> _What you should do_: What should come back is the data below, word for word, minus any picture.

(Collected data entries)
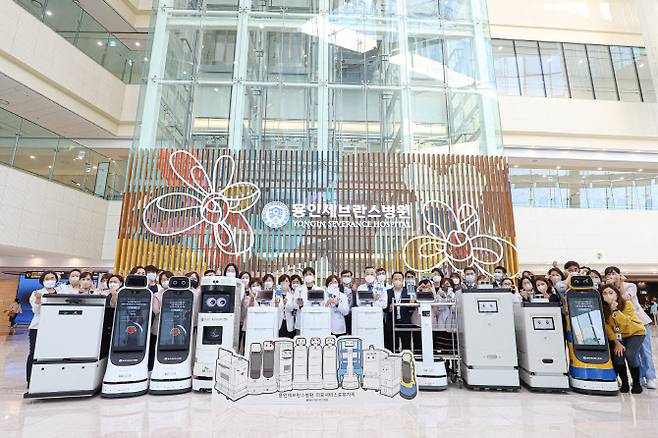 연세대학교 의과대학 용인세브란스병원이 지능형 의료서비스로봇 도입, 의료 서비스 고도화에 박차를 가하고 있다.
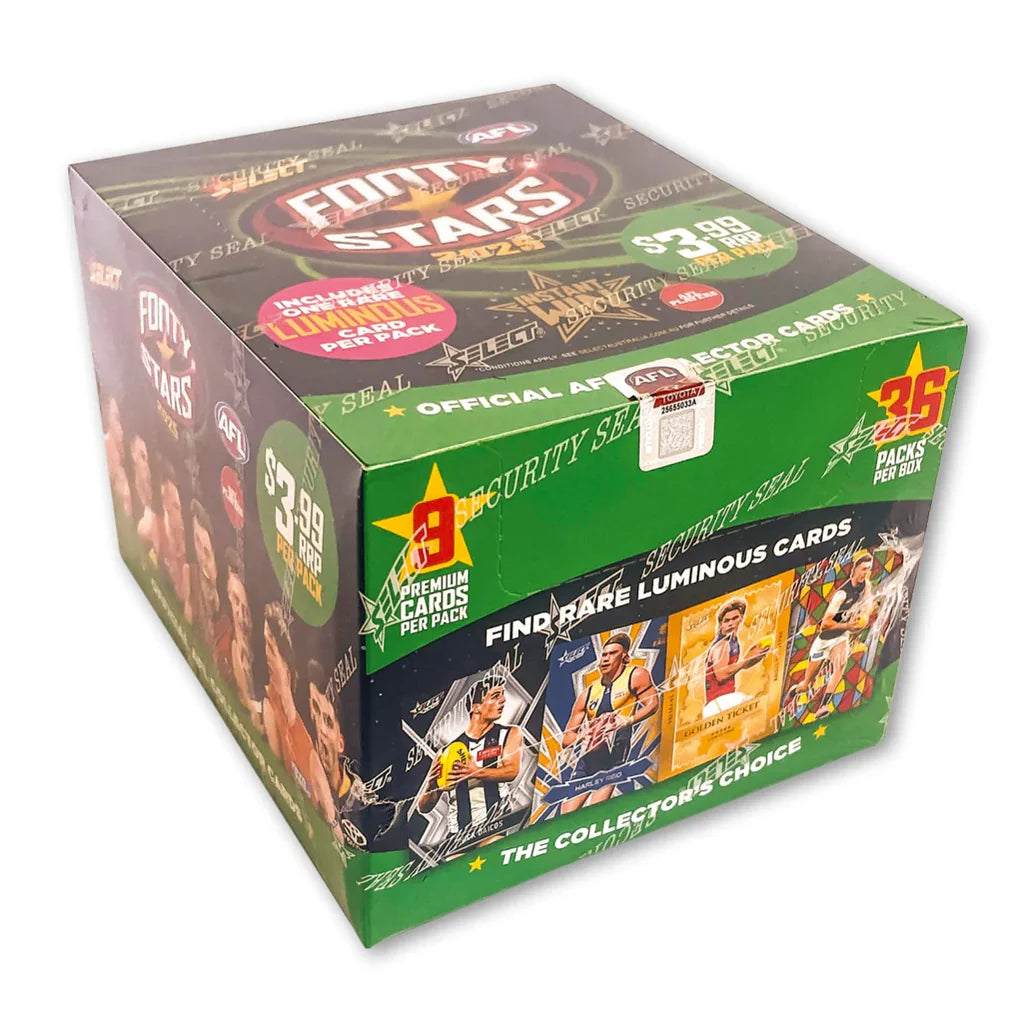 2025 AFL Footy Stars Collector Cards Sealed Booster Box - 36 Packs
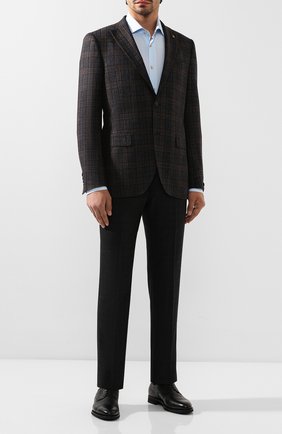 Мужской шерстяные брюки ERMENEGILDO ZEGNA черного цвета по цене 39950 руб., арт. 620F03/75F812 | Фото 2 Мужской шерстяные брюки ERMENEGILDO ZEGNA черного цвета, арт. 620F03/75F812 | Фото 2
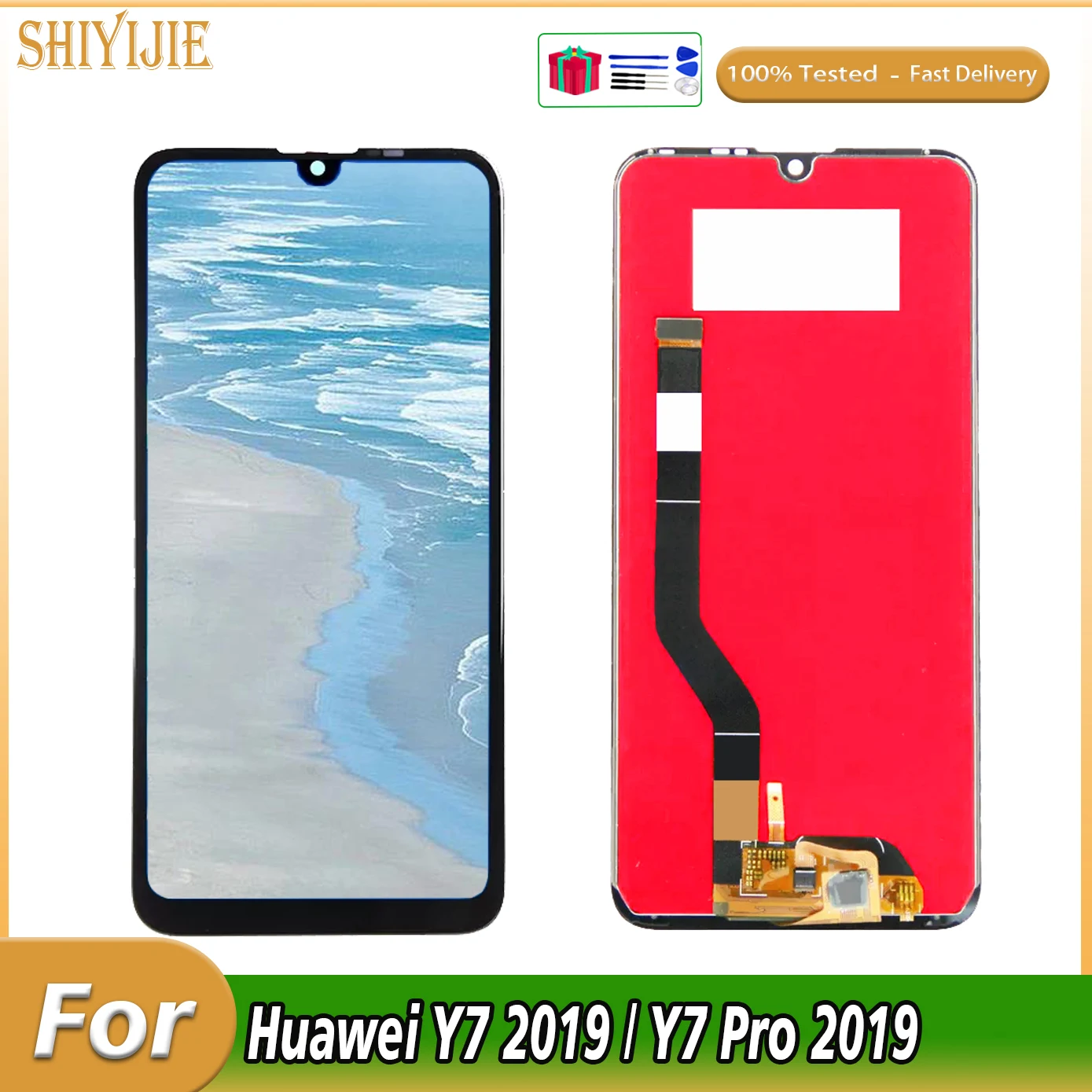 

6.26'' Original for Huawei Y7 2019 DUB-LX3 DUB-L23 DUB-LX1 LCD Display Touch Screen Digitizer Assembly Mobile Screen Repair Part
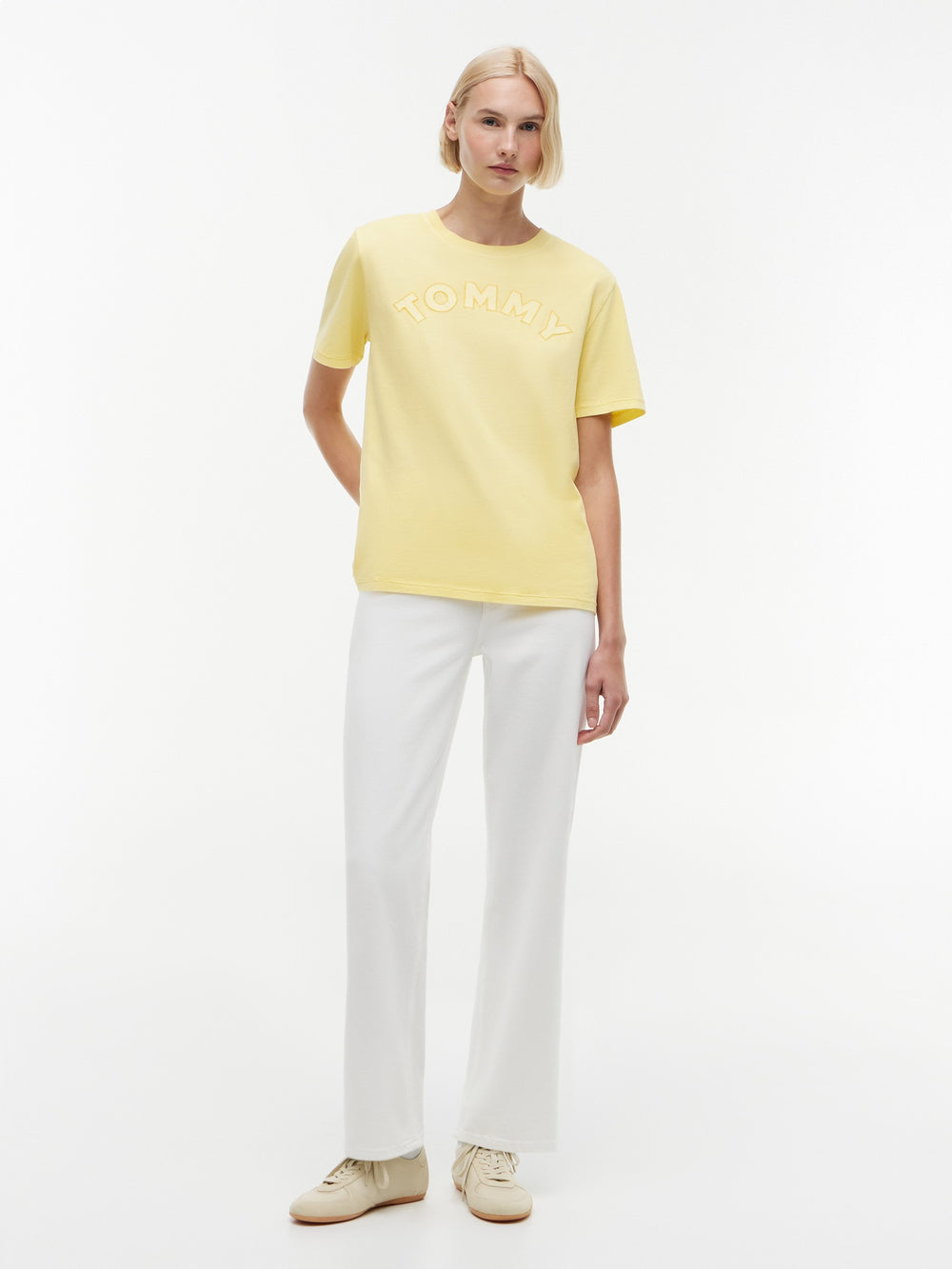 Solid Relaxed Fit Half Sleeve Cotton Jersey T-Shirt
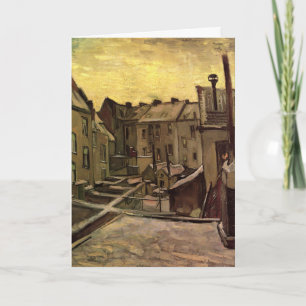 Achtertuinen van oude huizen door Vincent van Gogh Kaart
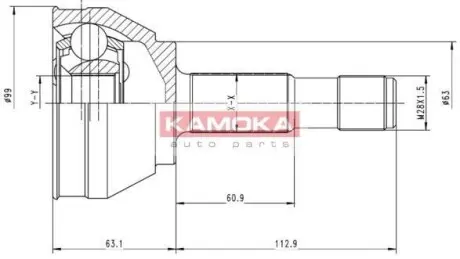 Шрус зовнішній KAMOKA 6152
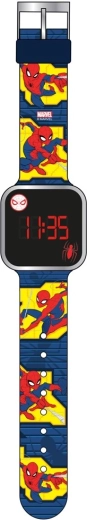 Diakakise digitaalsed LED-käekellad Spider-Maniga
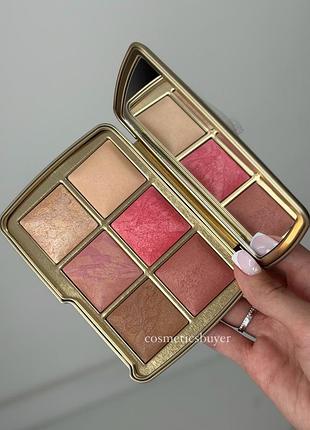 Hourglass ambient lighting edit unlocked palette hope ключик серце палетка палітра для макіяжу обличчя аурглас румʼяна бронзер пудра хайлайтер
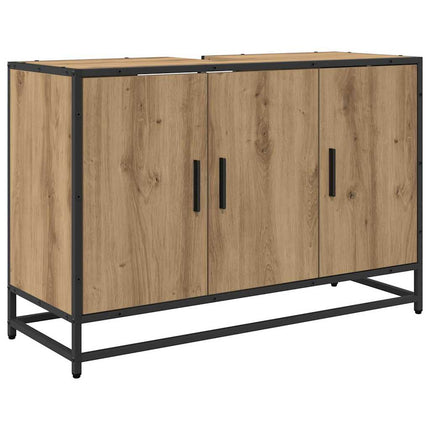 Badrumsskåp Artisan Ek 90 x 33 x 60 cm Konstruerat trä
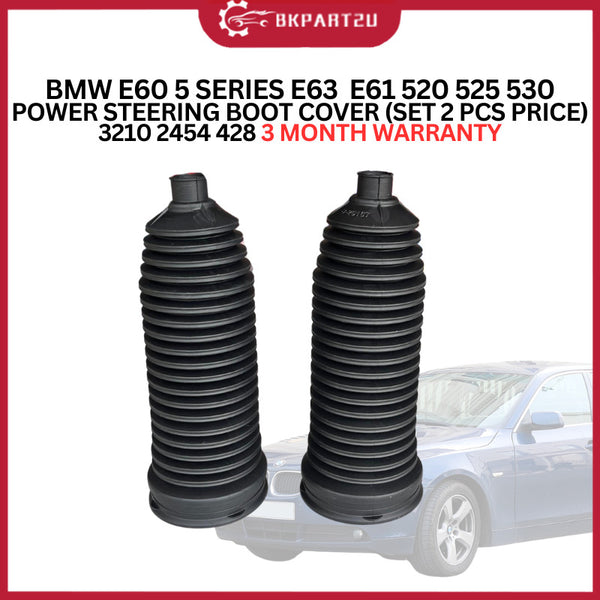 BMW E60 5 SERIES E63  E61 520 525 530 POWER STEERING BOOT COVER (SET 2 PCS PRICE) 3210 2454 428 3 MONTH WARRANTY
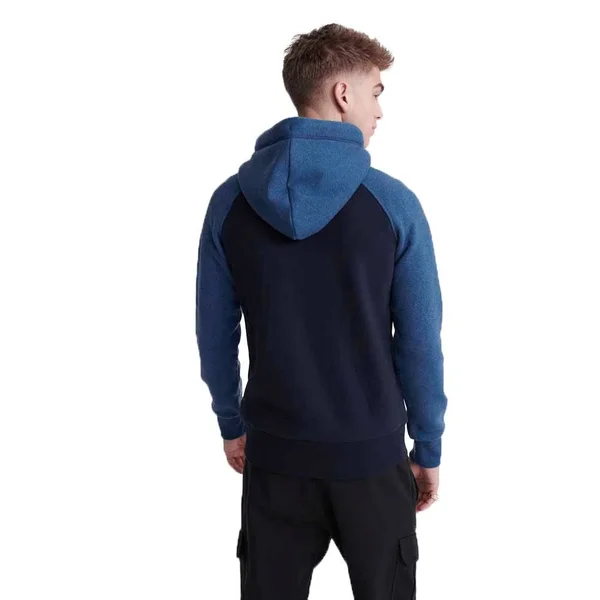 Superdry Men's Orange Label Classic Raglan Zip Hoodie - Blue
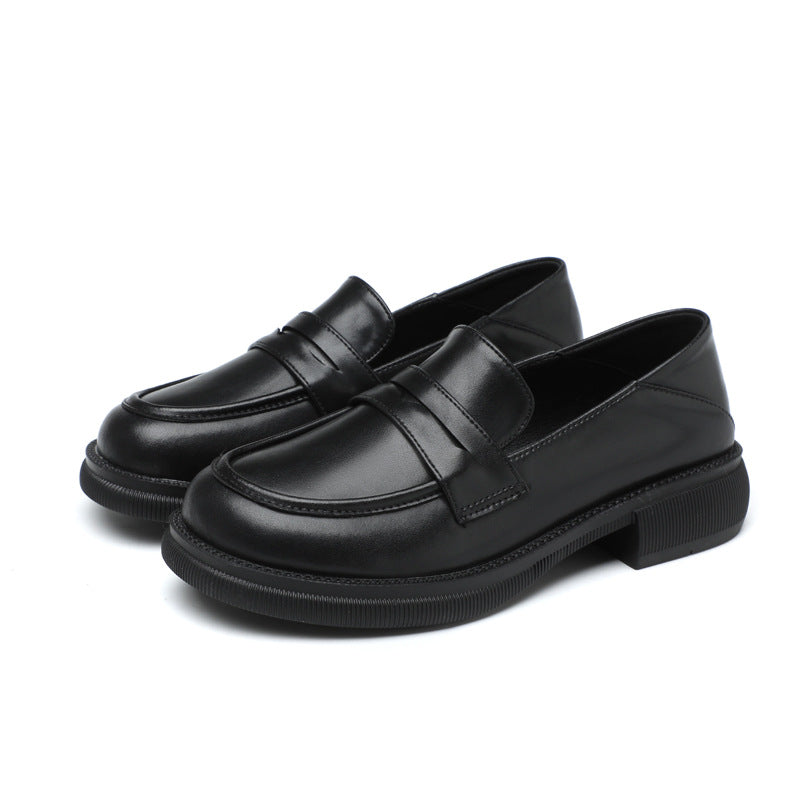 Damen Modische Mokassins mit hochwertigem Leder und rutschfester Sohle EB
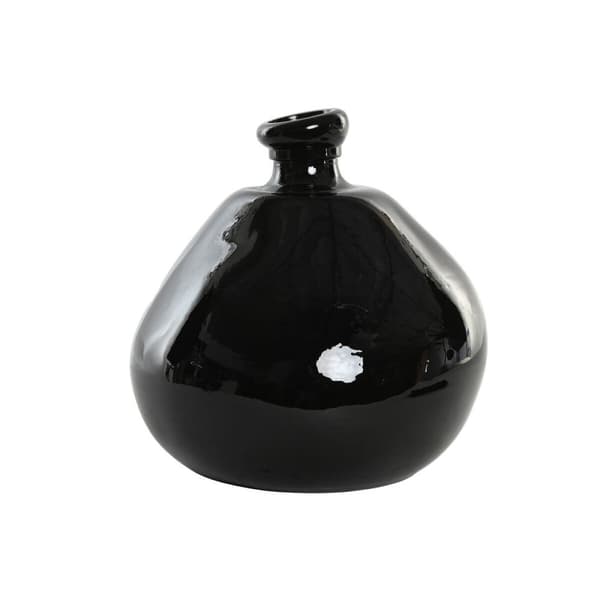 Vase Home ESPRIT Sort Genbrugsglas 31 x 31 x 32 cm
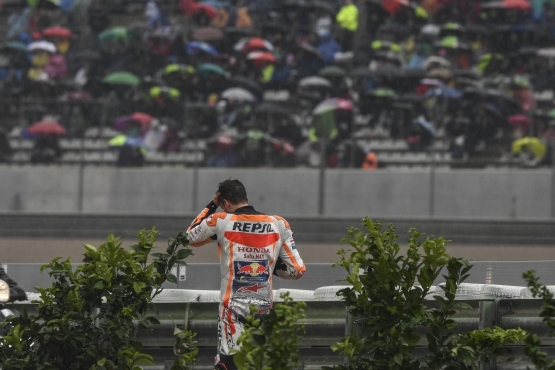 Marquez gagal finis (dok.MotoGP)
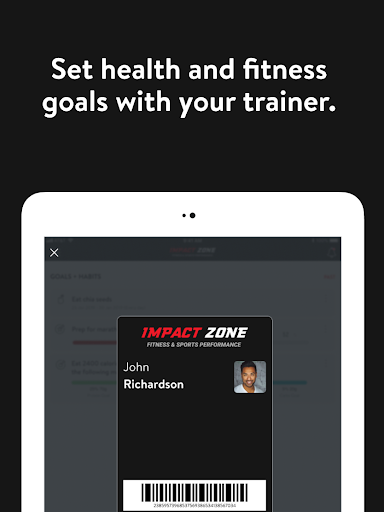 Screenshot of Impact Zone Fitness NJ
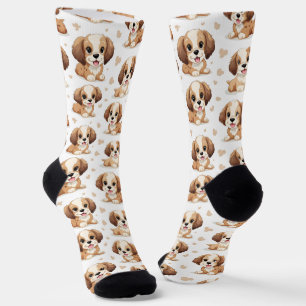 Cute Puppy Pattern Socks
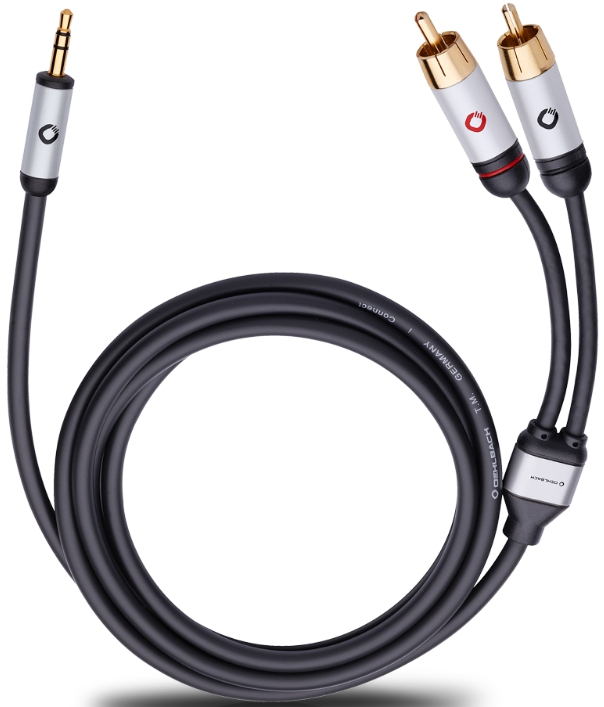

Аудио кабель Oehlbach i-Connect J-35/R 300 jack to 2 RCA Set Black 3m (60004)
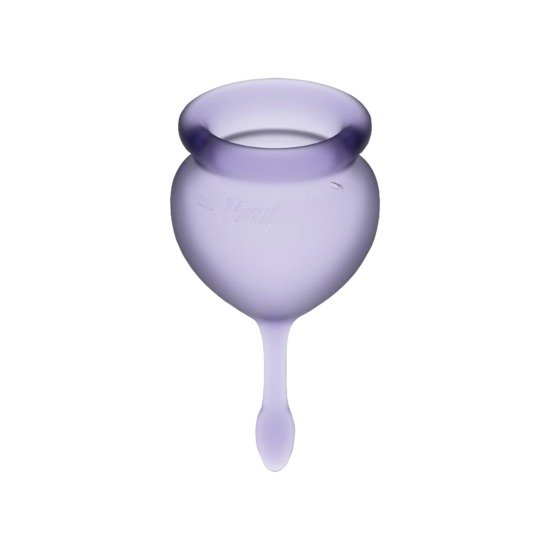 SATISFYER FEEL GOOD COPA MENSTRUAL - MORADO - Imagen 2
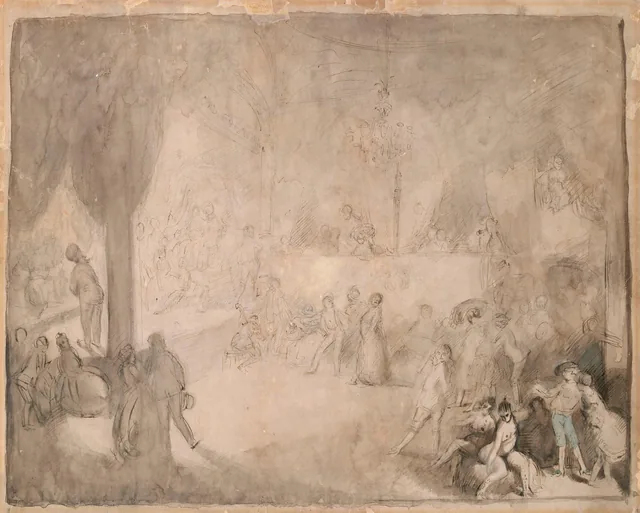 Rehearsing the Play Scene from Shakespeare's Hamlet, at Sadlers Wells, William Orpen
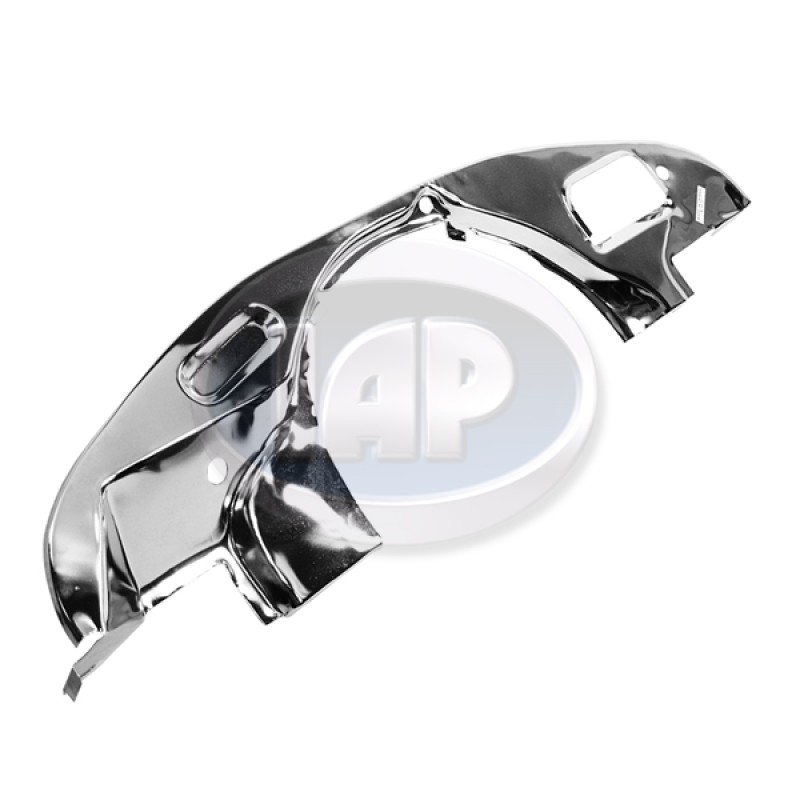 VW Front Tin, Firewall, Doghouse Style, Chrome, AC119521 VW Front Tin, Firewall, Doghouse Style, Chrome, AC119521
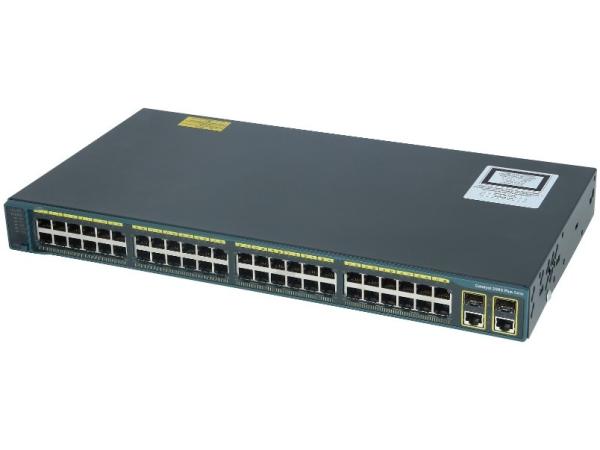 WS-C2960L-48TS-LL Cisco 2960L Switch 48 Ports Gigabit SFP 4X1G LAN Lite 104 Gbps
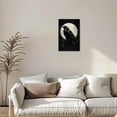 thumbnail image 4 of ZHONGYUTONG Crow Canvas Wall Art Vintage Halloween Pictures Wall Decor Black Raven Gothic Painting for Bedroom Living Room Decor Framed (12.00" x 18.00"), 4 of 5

> _Task result_:
 연세대학교 의과대학 용인세브란스병원이 지능형 의료서비스로봇 도입, 의료 서비스 고도화에 박차를 가하고 있다.
 2025 AFL Footy Stars Collector Cards Sealed Booster Box - 36 Packs
 Мужской шерстяные брюки ERMENEGILDO ZEGNA черного цвета по цене 39950 руб., арт. 620F03/75F812 | Фото 2 Мужской шерстяные брюки ERMENEGILDO ZEGNA черного цвета, арт. 620F03/75F812 | Фото 2

6.26'' Original for Huawei Y7 2019 DUB-LX3 DUB-L23 DUB-LX1 LCD Display Touch Screen Digitizer Assembly Mobile Screen Repair Part
 Solid Relaxed Fit Half Sleeve Cotton Jersey T-Shirt
 Achtertuinen van oude huizen door Vincent van Gogh Kaart
 Шрус зовнішній KAMOKA 6152
 Diakakise digitaalsed LED-käekellad Spider-Maniga
 Hourglass ambient lighting edit unlocked palette hope ключик серце палетка палітра для макіяжу обличчя аурглас румʼяна бронзер пудра хайлайтер
 Badrumsskåp Artisan Ek 90 x 33 x 60 cm Konstruerat trä
 BMW E60 5 SERIES E63  E61 520 525 530 POWER STEERING BOOT COVER (SET 2 PCS PRICE) 3210 2454 428 3 MONTH WARRANTY
 Superdry Men's Orange Label Classic Raglan Zip Hoodie - Blue
 Damen Modische Mokassins mit hochwertigem Leder und rutschfester Sohle EB
 Vase Home ESPRIT Sort Genbrugsglas 31 x 31 x 32 cm
 Marquez gagal finis (dok.MotoGP)
 Screenshot of Impact Zone Fitness NJ
 Cute Puppy Pattern Socks

Аудио кабель Oehlbach i-Connect J-35/R 300 jack to 2 RCA Set Black 3m (60004)
 SATISFYER FEEL GOOD COPA MENSTRUAL - MORADO - Imagen 2
 Rehearsing the Play Scene from Shakespeare's Hamlet, at Sadlers Wells, William Orpen
 VW Front Tin, Firewall, Doghouse Style, Chrome, AC119521 VW Front Tin, Firewall, Doghouse Style, Chrome, AC119521
 WS-C2960L-48TS-LL Cisco 2960L Switch 48 Ports Gigabit SFP 4X1G LAN Lite 104 Gbps
 thumbnail image 4 of ZHONGYUTONG Crow Canvas Wall Art Vintage Halloween Pictures Wall Decor Black Raven Gothic Painting for Bedroom Living Room Decor Framed (12.00" x 18.00"), 4 of 5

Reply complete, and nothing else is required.